I am new to machine learning.
I have a continuous dataset. I am trying to model the target label using several features. I utilize the train_test_split function to separate the train and the test data. I am training and testing the model using the code below:
X_train, X_test, y_train, y_test = train_test_split(X, y, test_size=0.2)
model = Sequential()
model.add(Dense(128, input_dim=X.shape[1], kernel_initializer = 'normal', activation='relu'))
model.add(Dense(1, kernel_initializer = 'normal'))
hist = model.fit(X_train.values, y_train.values, validation_data=(X_test.values,y_test.values), epochs=200, batch_size=64, verbose=1)

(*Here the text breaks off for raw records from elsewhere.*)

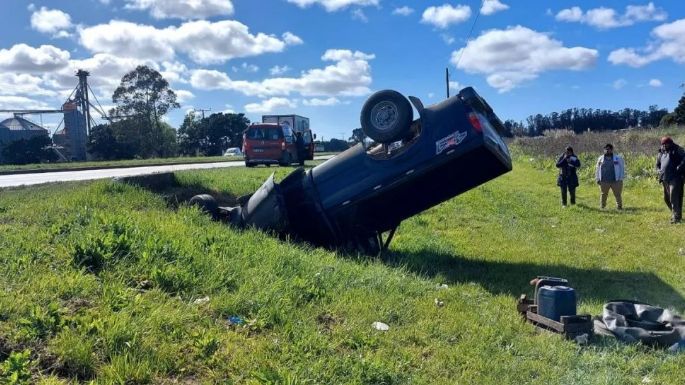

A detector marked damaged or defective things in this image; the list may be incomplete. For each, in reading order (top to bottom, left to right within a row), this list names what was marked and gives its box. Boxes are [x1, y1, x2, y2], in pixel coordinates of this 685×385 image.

overturned pickup truck [190, 88, 510, 254] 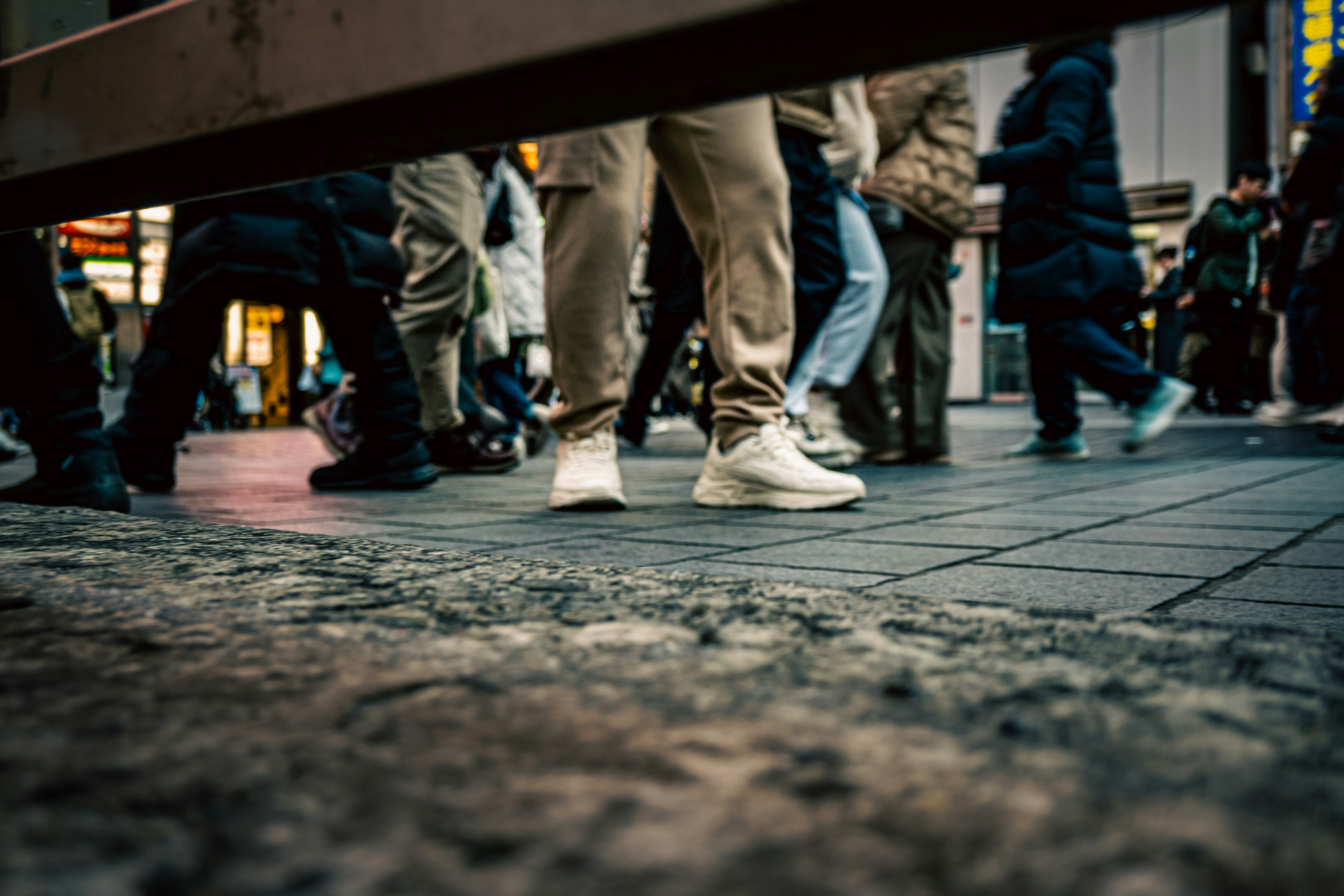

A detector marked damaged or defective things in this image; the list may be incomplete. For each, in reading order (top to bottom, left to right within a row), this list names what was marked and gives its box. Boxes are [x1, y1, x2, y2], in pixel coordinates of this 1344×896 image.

rusty steel girder [2, 0, 1210, 231] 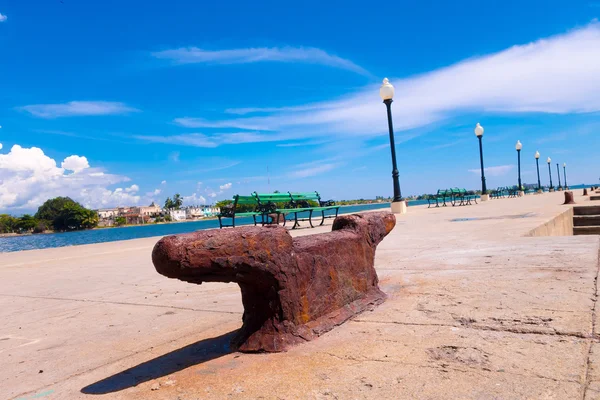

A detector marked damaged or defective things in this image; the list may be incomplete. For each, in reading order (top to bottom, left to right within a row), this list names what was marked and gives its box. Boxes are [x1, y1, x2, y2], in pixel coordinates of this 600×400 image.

rusty metal bollard [151, 211, 394, 352] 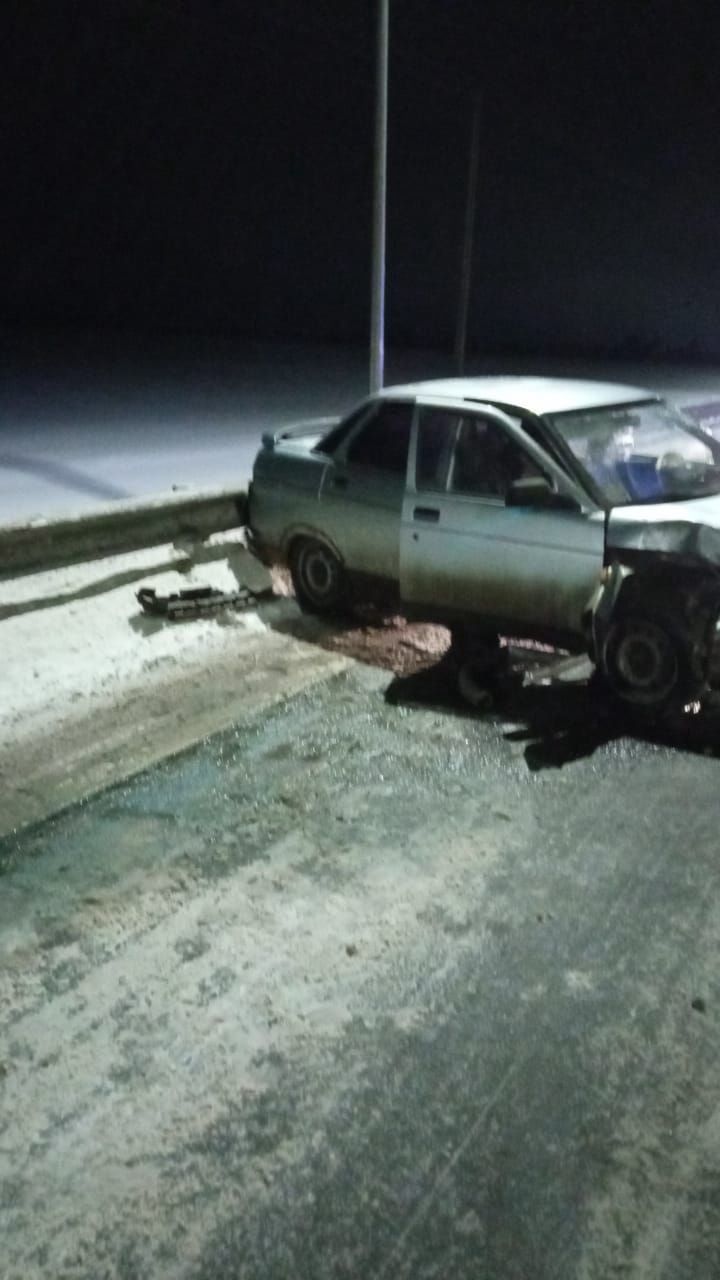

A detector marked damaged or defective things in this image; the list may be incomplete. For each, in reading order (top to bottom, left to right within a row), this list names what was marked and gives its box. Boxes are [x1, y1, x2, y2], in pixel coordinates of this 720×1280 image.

damaged silver sedan [246, 376, 720, 720]
crashed car [249, 380, 720, 716] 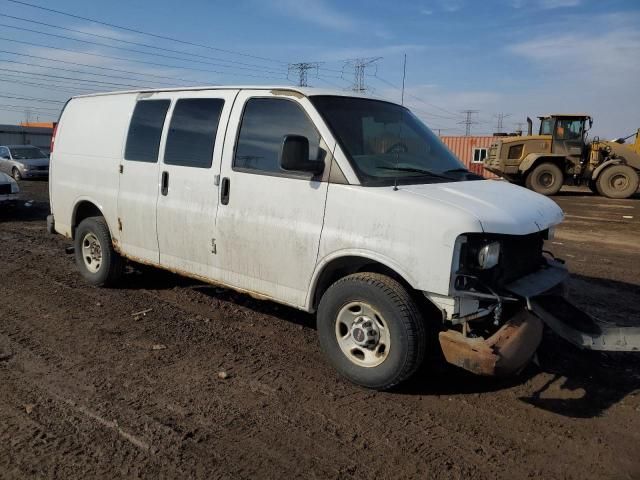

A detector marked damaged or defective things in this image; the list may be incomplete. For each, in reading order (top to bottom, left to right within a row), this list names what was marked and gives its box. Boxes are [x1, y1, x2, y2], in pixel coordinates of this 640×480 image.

damaged headlight [476, 240, 500, 270]
front end damage [436, 232, 640, 376]
crumpled bumper [440, 310, 540, 376] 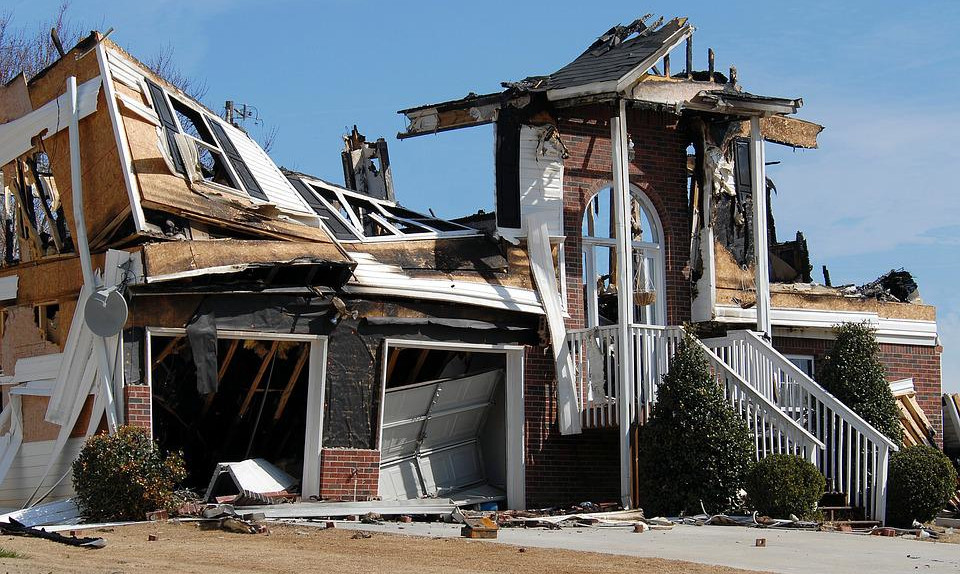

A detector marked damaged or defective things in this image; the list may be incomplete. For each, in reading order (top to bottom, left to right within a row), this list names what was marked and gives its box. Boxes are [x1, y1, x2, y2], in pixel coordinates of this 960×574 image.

broken window [298, 180, 478, 243]
crumpled garage door [378, 372, 506, 502] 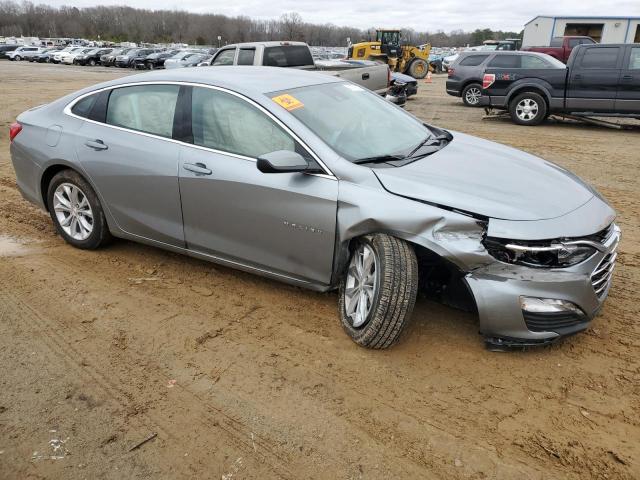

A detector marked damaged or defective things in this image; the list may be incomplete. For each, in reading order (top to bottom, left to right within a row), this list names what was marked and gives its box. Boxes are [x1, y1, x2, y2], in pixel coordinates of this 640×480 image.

crumpled hood [376, 131, 596, 221]
broken headlight [484, 238, 600, 268]
damaged front bumper [464, 225, 620, 344]
headlight assembly exposed [484, 238, 604, 268] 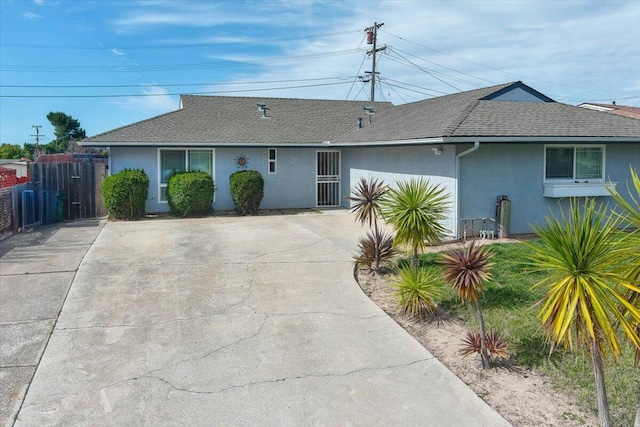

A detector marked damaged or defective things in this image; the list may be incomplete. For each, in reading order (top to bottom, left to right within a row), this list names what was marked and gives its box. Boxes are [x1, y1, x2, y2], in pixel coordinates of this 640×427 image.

crack in concrete [142, 356, 432, 396] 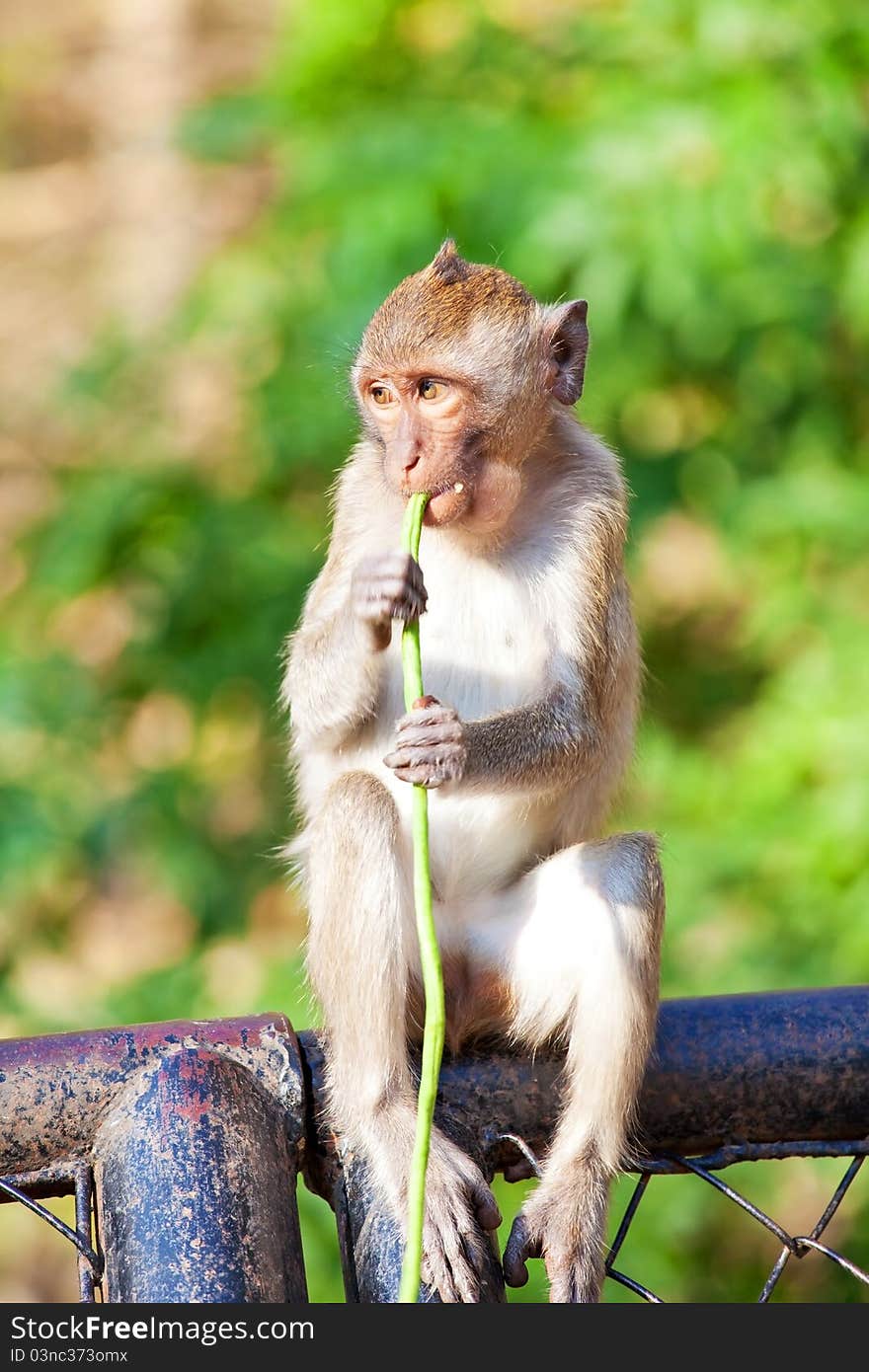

I can get good results when I use X_test and y_test for validation data:
https://drive.google.com/open?id=0B-9aw4q1sDcgNWt5TDhBNVZjWmc
However, when I use this model to predict another data (X_real, y_real) (which are not so different from the X_test and y_test except that they are not randomly chosen by train_test_split) I get bad results:
X_train, X_test, y_train, y_test = train_test_split(X, y, test_size=0.2)
model = Sequential()
model.add(Dense(128, input_dim=X.shape[1], kernel_initializer = 'normal', activation='relu'))
model.add(Dense(1, kernel_initializer = 'normal'))
hist = model.fit(X_train.values, y_train.values, validation_data=(X_real.values,y_real.values), epochs=200, batch_size=64, verbose=1)
https://drive.google.com/open?id=0B-9aw4q1sDcgYWFZRU9EYzVKRFk
Is it an issue of overfitting? If it is so, why does my model work ok with the X_test and y_test generated by train_test_split?